Reports say McChrystal will call for up to 20,000 additional U.S. troops on top of the 17,000 Obama already sent and the 30,000-odd who’ve been there all along. I think you could make a case that Gates—who went to the wall to keep the springtime troop surge from being too large—should lose his job if the commander he selected says that was a mistake. But firing Gates at this stage would merely be a distracting sacrifice to the gods of procedure. It would do nothing to halt Afghanistan’s downward spiral.

Remember Shiite Personal Status Law, which sought to protect the right of Shiite men in Afghanistan to rape their wives and forbade their wives to leave the house without permission? There was quite a fuss over it in April. “That’s unacceptable—period,” Peter MacKay said then. “We’re fighting for values that include equality and women’s rights. This sort of legislation won’t fly.”

It flew. Karzai’s government passed it into law in August.

So how are we doing? Afghanistan is deadlier for Canadians and our allies than ever. As a hole for military effort and expense in blood and treasure, it is getting deeper, not filling up. The guy who seems likeliest to hang onto power there is a fraud backed by thugs in the service of values we like to claim we could never support.

All of this to keep Afghanistan from breeding more terrorists—even though most of the 9/11 terrorists came from Saudi Arabia and hatched their plot in Germany, two countries we are not proposing to occupy and democratize.
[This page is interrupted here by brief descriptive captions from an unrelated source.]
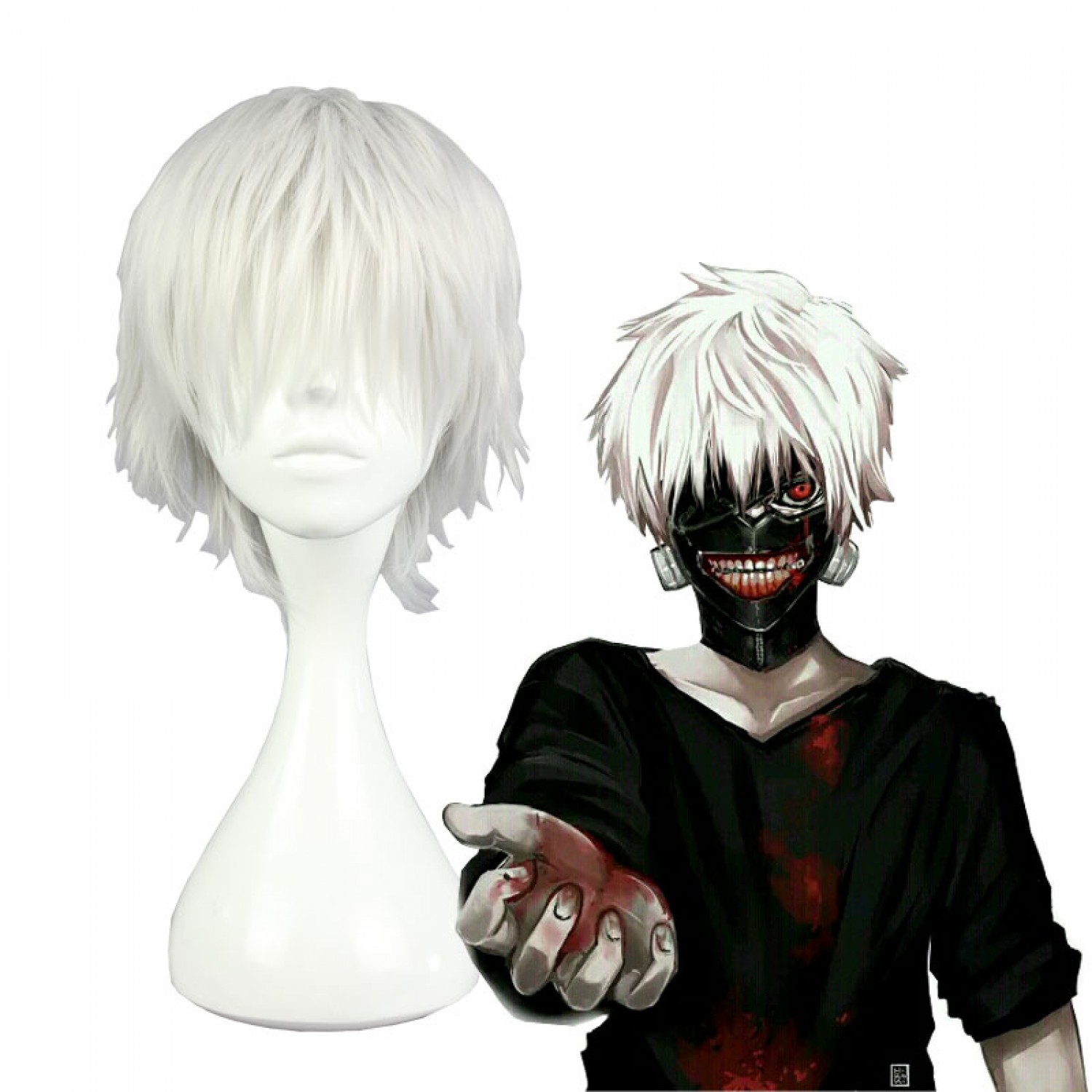 Tokyo Ghoul Ken Kaneki Heat Resistant Fiber Silver Short Anime Cosplay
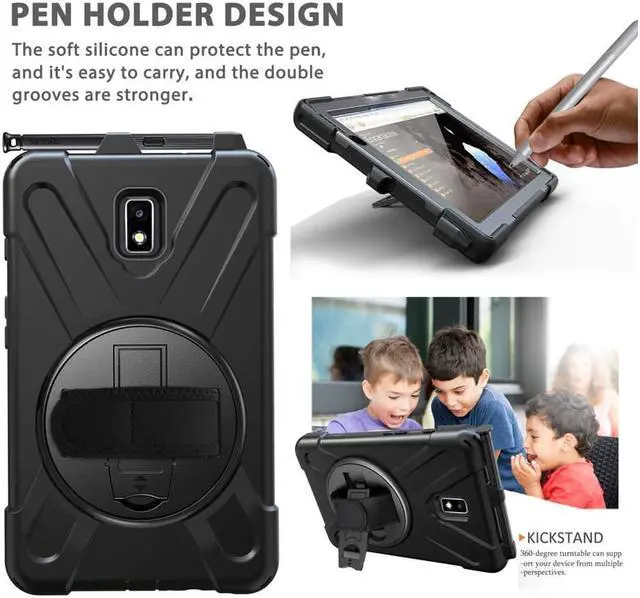 Alt view image 4 of 7 - Case for Samsung Galaxy Tab Active 2 8.0 SM-T390 T395 T397 Heavy Duty Kids Protective Case Cover with Pen Holder with 360 Degree Rotating Hand Strap / Kickstand + Shoulder Strap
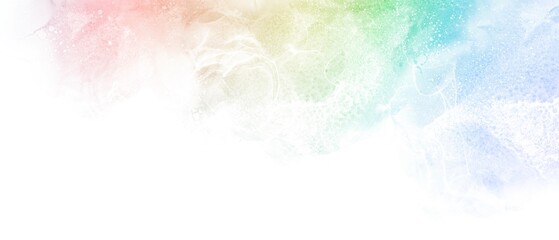 Fototapeta na wymiar 春夏用アルコールインクアート抽象テンプレート）虹色のマーブル模様の波　幻想的　グラデーション　横長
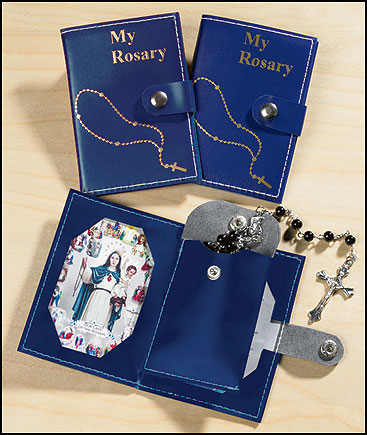 Our Lady of the Rosary Mystery Rosary Pouch -- Navy Blue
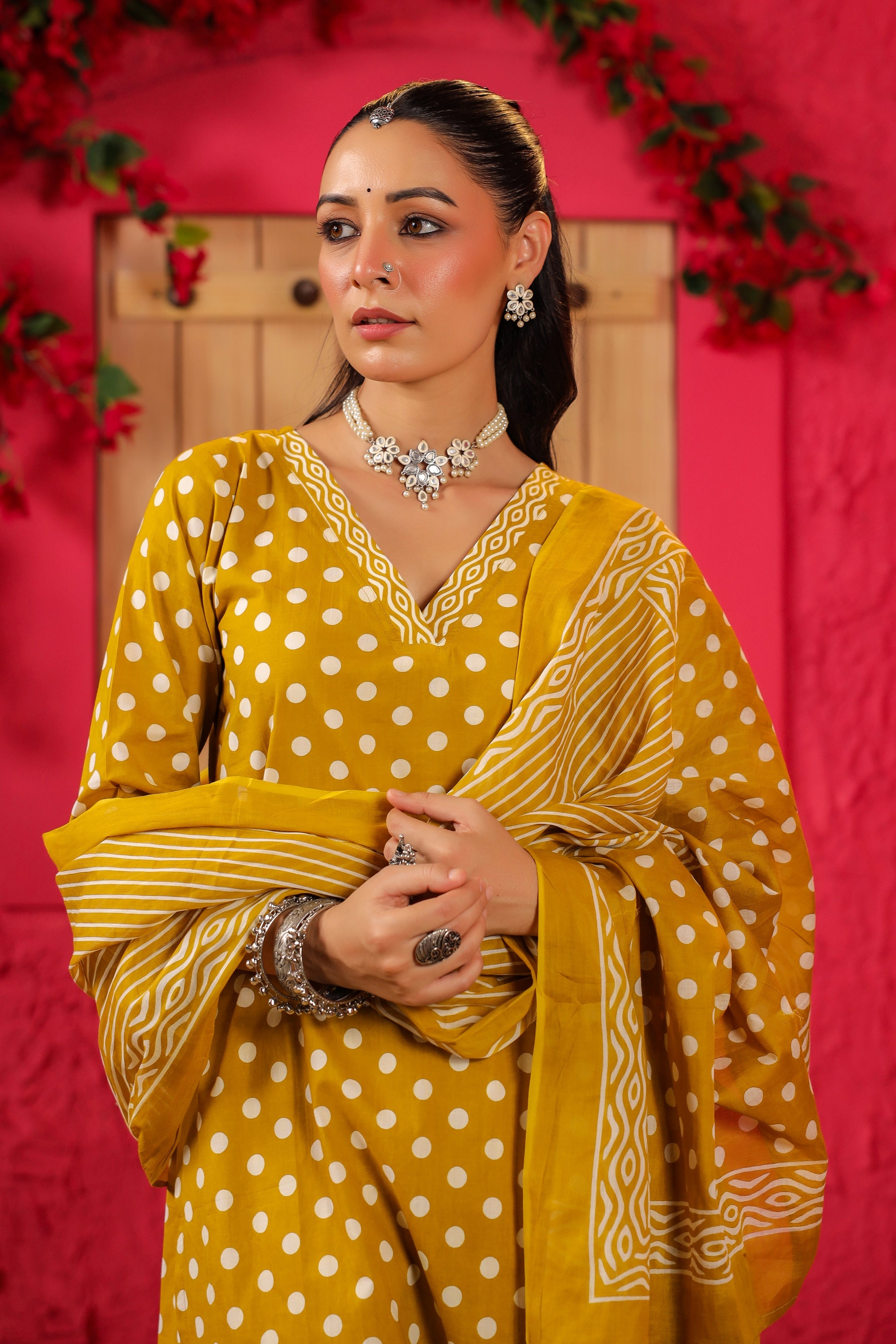 Yellow Polka Cotton Straight Suit Set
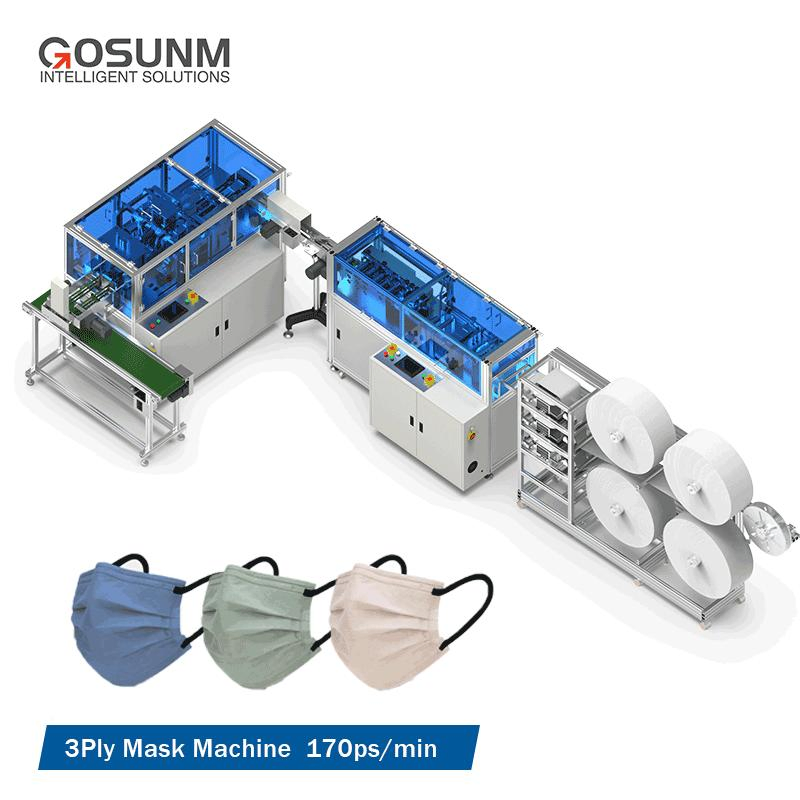 Factory Directly Flat Mask 3ply Layers Face Disposable Facial Mask Making Machine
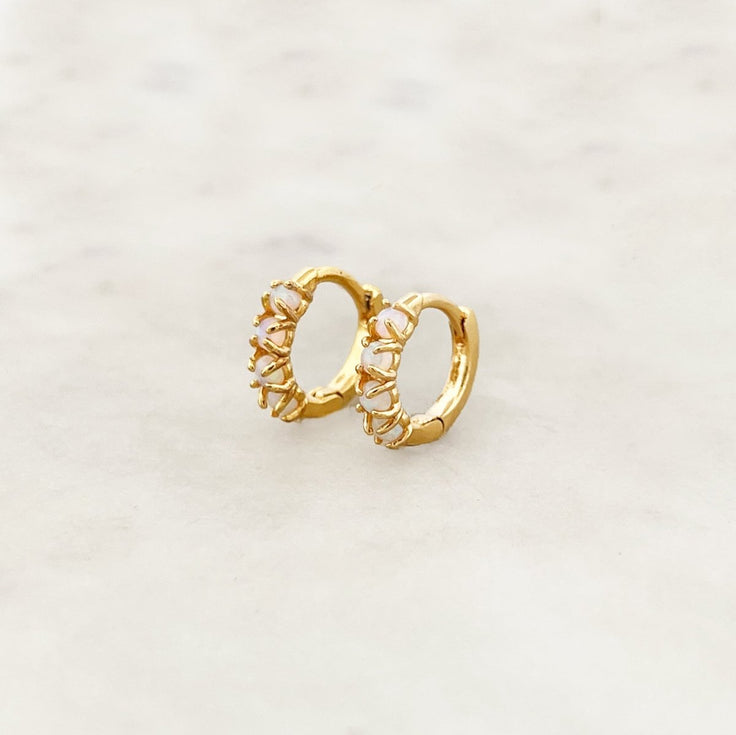 Tiny Hoop Opal Set - ByNouck Jewelry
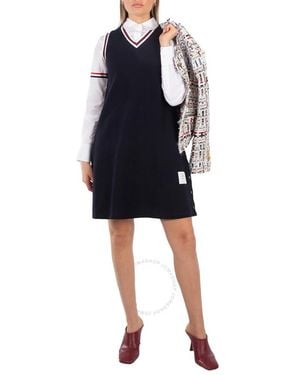 Thom Browne Stripe V-Neck Classic Pique Tennis Dress - Black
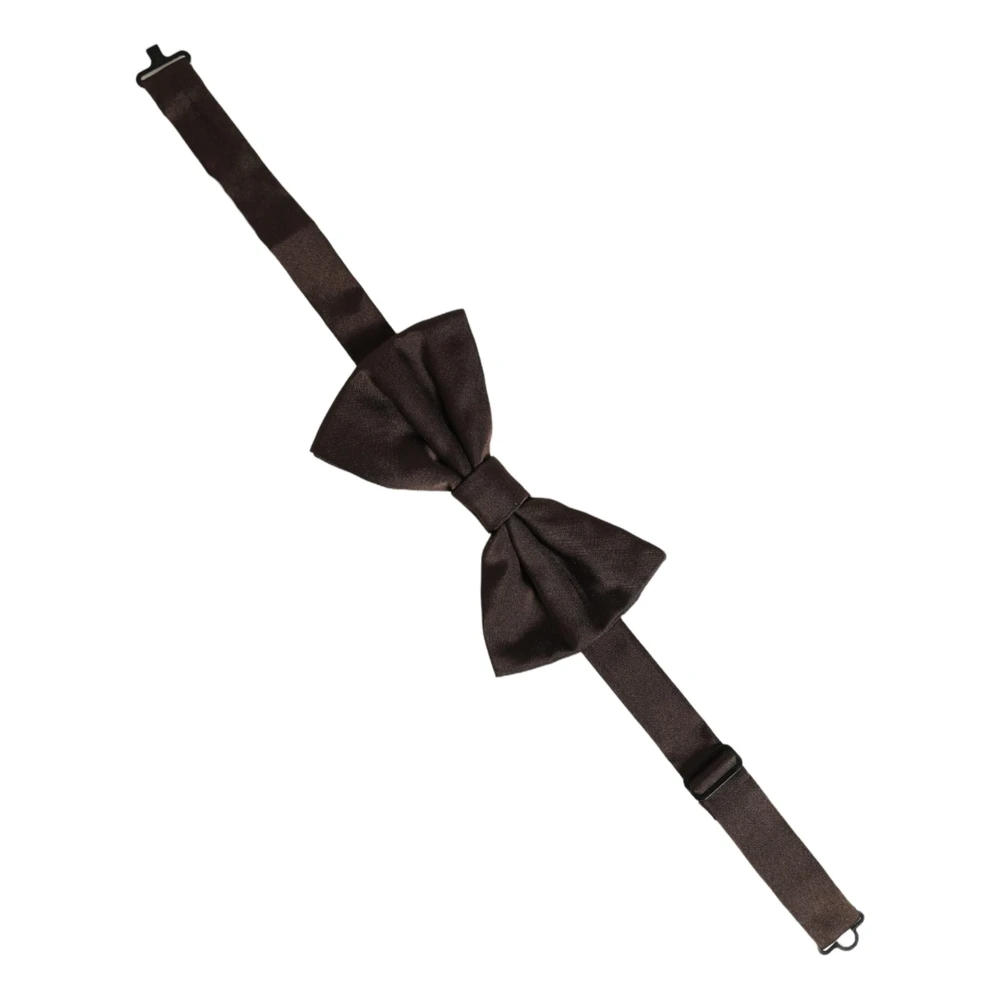 Dolce & Gabbana Men Brown 100% Silk Adjustable Neck Papillon Bow Tie - Image 2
At some point, the logical conclusion is that Afghanistan has ceased to be worth the effort because the effort does not make it measurably better on any axis that matters to its citizens or our own. Each observer will reach that point at a different time. For me it would tend to come very late indeed, because I have believed since Sept. 11, 2001, that this is Canada’s struggle too and that we should make a meaningful contribution.

It’s just harder and harder to see what’s meaningful about all this. On the so-called rape law, here’s what Stephen Harper said in the spring:

“The involvement in the international community, and particularly Canada and our NATO allies, is based on the pursuit of very fundamental values in opposition to the kinds of values the Taliban stood for . . . If we drift from that, there will be a clear diminishment in allied support for this venture.”

Since he said those words in April, the law Harper decried has come into force and 11 more Canadian soldiers have died in Afghanistan. It becomes harder every day to believe that patience in this struggle is synonymous with virtue.